Dear Editor | Do Authors Have to Blog? (An #AuthorToolBoxBlogHop Post)

Writers are an odd bunch. I’ve come across many writers who are more than comfortable with the idea of writing a 90,000-word novel, but have palpitations at the thought of writing and publishing a 500-word blog post.

These authors often ask the same question:

Do Authors Have to Blog?

My answer? Maybe. But maybe not.

If you’re a non-fiction author, then you do need to blog. It establishes your expertise in your specialist area, which will build credibility.

But you might not need to blog if you’re a fiction author. Many established authors don’t have a blog on their website. Others do, but blog only a few times a year (usually to promote a new release). Some blog on group blogs.

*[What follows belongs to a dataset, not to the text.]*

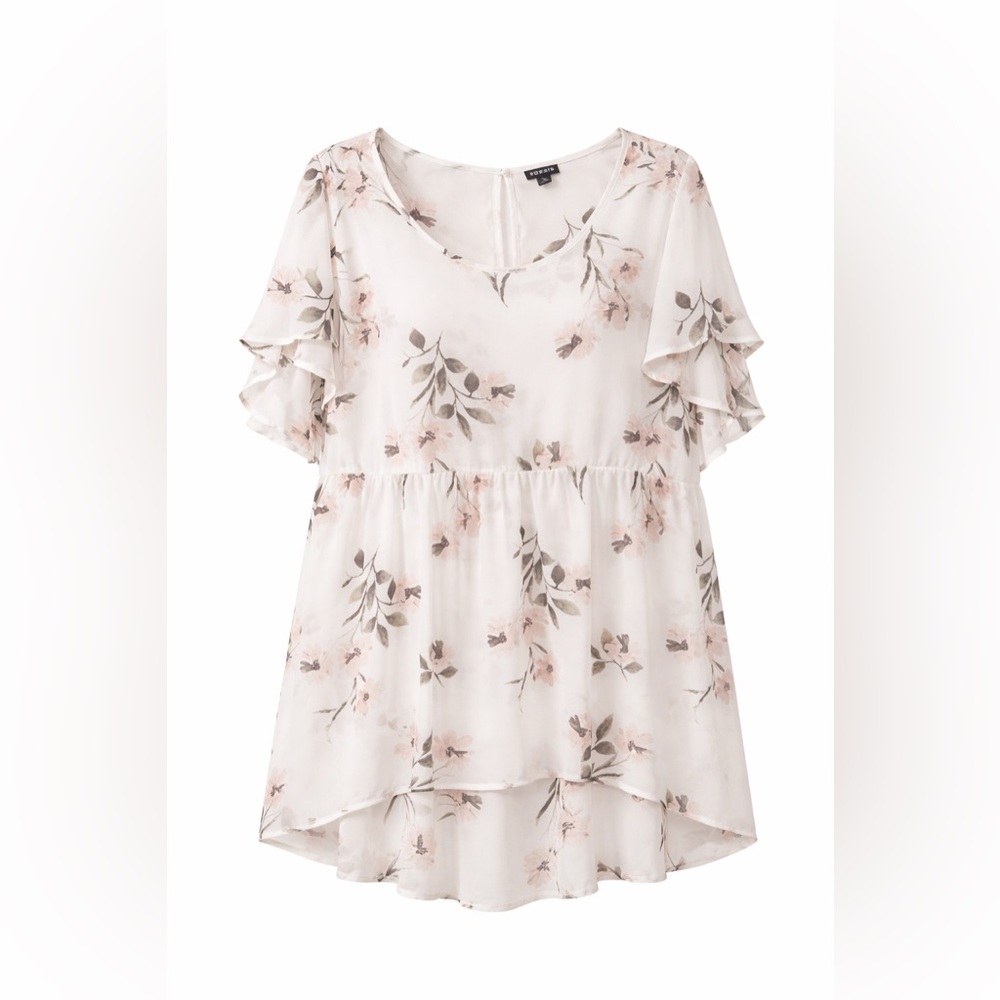 torrid 4 White Floral Flutter Sleeve Peplum Overlay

Do fiction authors have to blog? And what should they blog about? #Blogging #AuthorToolBoxBlogHop Click To Tweet

Fiction authors may still need to blog.

If you’re aiming for a publishing contract with a major traditional publisher, then you almost certainly need to have an author blog and post regularly. Social media expert Edie Melson points out that regular blogging shows industry professionals you can write to a deadline and produce quality work. Melson does point out that blogging isn’t a way to sell books, but does provide a way of connecting with readers.

What if you’re aiming to self-publish?

Then it depends. Self-published authors need a website and an email list, but blogging? It’s not the most important part of a website—that would be your About page, and your Books page, because those are the pages readers are most likely to be looking for.

Do you enjoy blogging?

No? Then don’t start a blog. You want your blog to show readers an interesting person they want to know better. That’s not going to come through if you think blogging is a chore on a par with cleaning the toilet (or whatever household task you loathe most).

Can you commit to regular blogging? Will you?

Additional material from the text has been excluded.